Charest's Iron Lady says goodbye

Jérôme-Forget was champion of the balanced budget - until her last

MJF - démission


In paying tribute to Monique Jérôme-Forget yesterday, Premier Jean Charest said she had been Treasury Board chair, the minister responsible for controlling all the government's spending, longer than anyone else.
He was mistaken. Jérôme-Forget held that thankless portfolio for 68 months, from Charest's taking office in April 2003 until last December, when Monique Gagnon-Tremblay took over. That's one month less than Daniel Johnson in Robert Bourassa's Liberal government from 1988 to 1994.

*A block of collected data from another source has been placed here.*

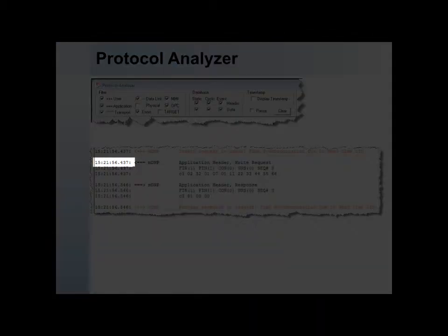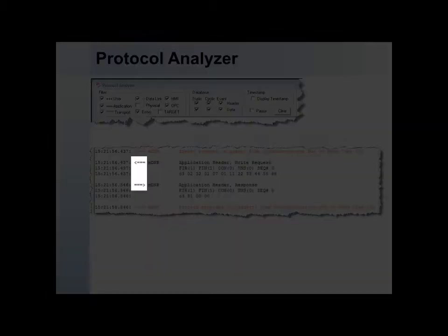Starting from the left, we see the timestamp, assuming the timestamp checkbox is checked. This is the time the message was sent or received and is shown in the local PC's time zone.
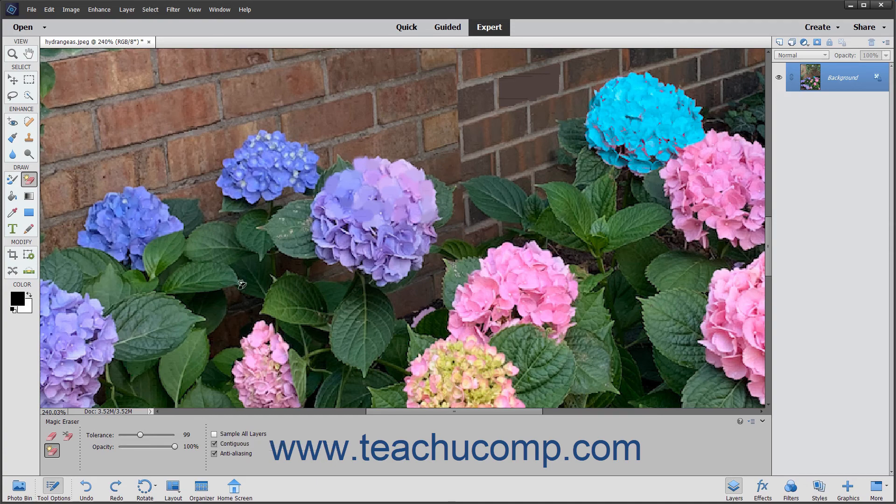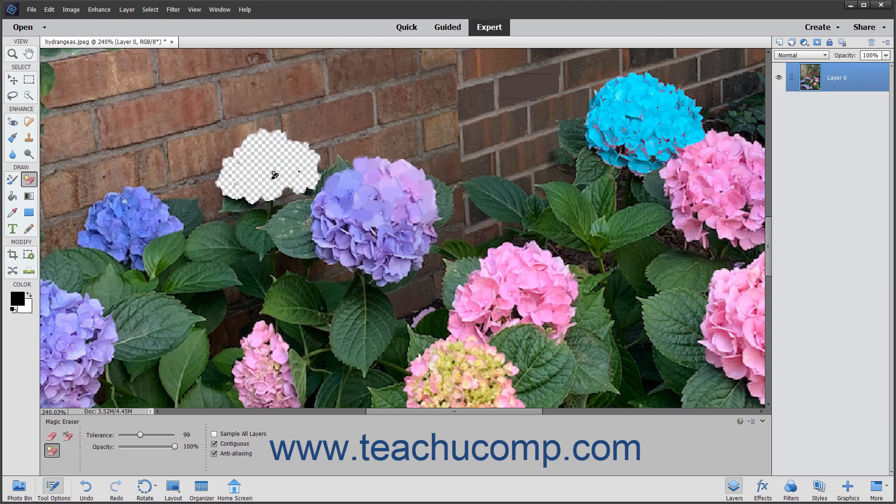After you have the settings that you wish, click into the image on the pixel color in the part of the image or layer that you want to erase.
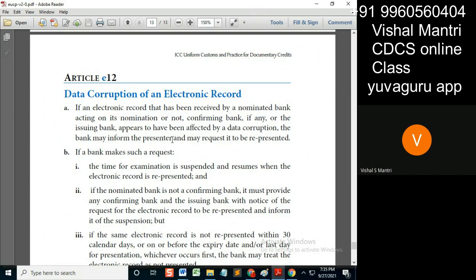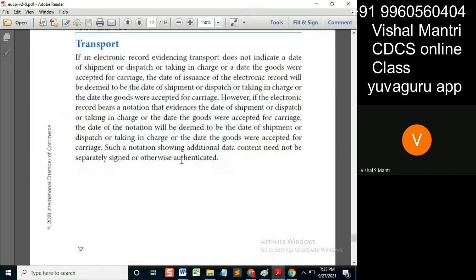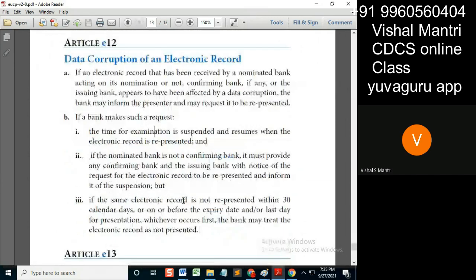If that representation goes beyond the latest date of presentation, it means he has presented the documents but they were corrupted. The nominated bank has told the beneficiary to represent — meaning to replace the document. There is one article that defines re-presentation simply as replacing the document. Now, if that replacing of the document goes beyond the latest date of presentation, do we consider the presentation to have been made late?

But it was an understandable mistake, so strong was the impression Jérôme-Forget left as the "iron lady" of spending restraint in Charest's government.

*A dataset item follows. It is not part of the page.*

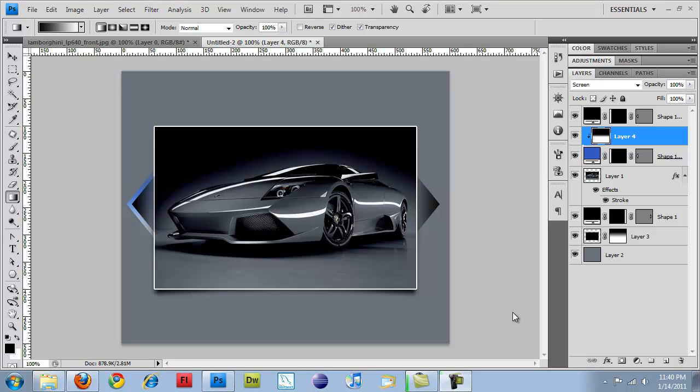Hi guys, and welcome back to part two of the jQuery Slideshow video series. I did the graphic design already. That was part one. Part two is slicing it up and starting the code for it.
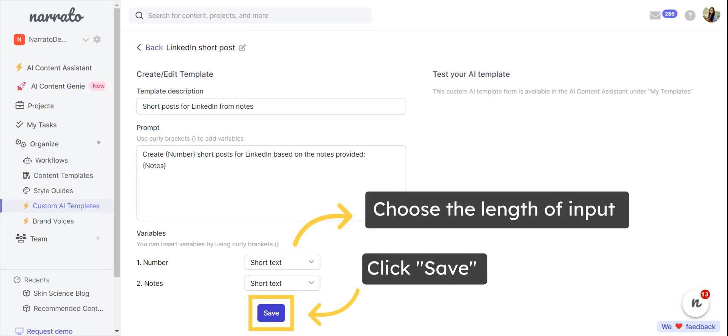Once your detailed prompt with variable input types is ready, save the created AI template.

And when Charest mentioned the highlight of each of her three budgets, it was a reminder that while it might have seemed she had always been his finance minister, in fact she held the portfolio for only two years.
Since the Treasury Board portfolio was created in 1981, she was only the second minister to hold that major portfolio and finance at the same time. The first was Jacques Parizeau of the Parti Québécois; Jérôme-Forget was of comparable importance in the Charest government.
Jérôme-Forget, who is in her late 60s, had wanted to retire after her last term in the National Assembly, her third, but Charest persuaded her to run again in the general election last Dec. 8.
Maybe it was one election too many. Her reputation has suffered because of the likelihood that she helped conceal the losses at the Caisse de dépôt until after the election. And for the fiscal conservative she was, her political career ended with a couple of disappointments.
Her last budget was the first in 11 years to announce an official deficit (as opposed to a hidden one). And while she could boast that her sharp eye on what she called "my handbag" had kept spending growth below the average for all the provinces, Quebec still spends proportionately more on its programs than almost all the other provinces.
So now a second pillar of Charest's government has been removed, the first being Philippe Couillard, who quit active politics last year after more than five years in the health portfolio. And Charest faces the difficult task of shuffling his cabinet only four months after he formed it.
The vacancy in finance was quickly filled with Raymond Bachand, who, at least for the time being, remains minister of economic development. It had been expected that he would be replaced in the latter portfolio by Pierre Arcand, who is minister of international relations.
But that leaves Charest, who deserves credit for giving women unprecedented influence and visibility in his cabinets, with one less female minister in a major portfolio.
It also leaves him one woman short of the gender parity among cabinet ministers that he first achieved in 2007, and which, he said last December at the swearing-in of his new government, he hopes to make a tradition.
He could restore parity by promoting one of the nine female Liberal MNAs who isn't already in the cabinet. Or he could recruit a cabinet-qualified woman from outside the Assembly to run in the by-election to fill the vacancy left by Jérôme-Forget, as he brought in Yves Bolduc to replace Couillard last year.
Jérôme-Forget's resignation allows Charest to call the by-election in the safe Liberal seat of Marguerite-Bourgeoys at the same time as the one to replace Mario Dumont, former leader of Action démocratique du Québec. This would ensure the Liberals of at least a split in the two.
The premier has six months from Dumont's resignation March 6 to call the by-election in Rivière-du-Loup. But the longer he waits to clear up any uncertainty about his future cabinet lineup, the more he risks undermining the authority of his present ministers. There's already enough uncertainty in Quebec City concerning Charest's own future.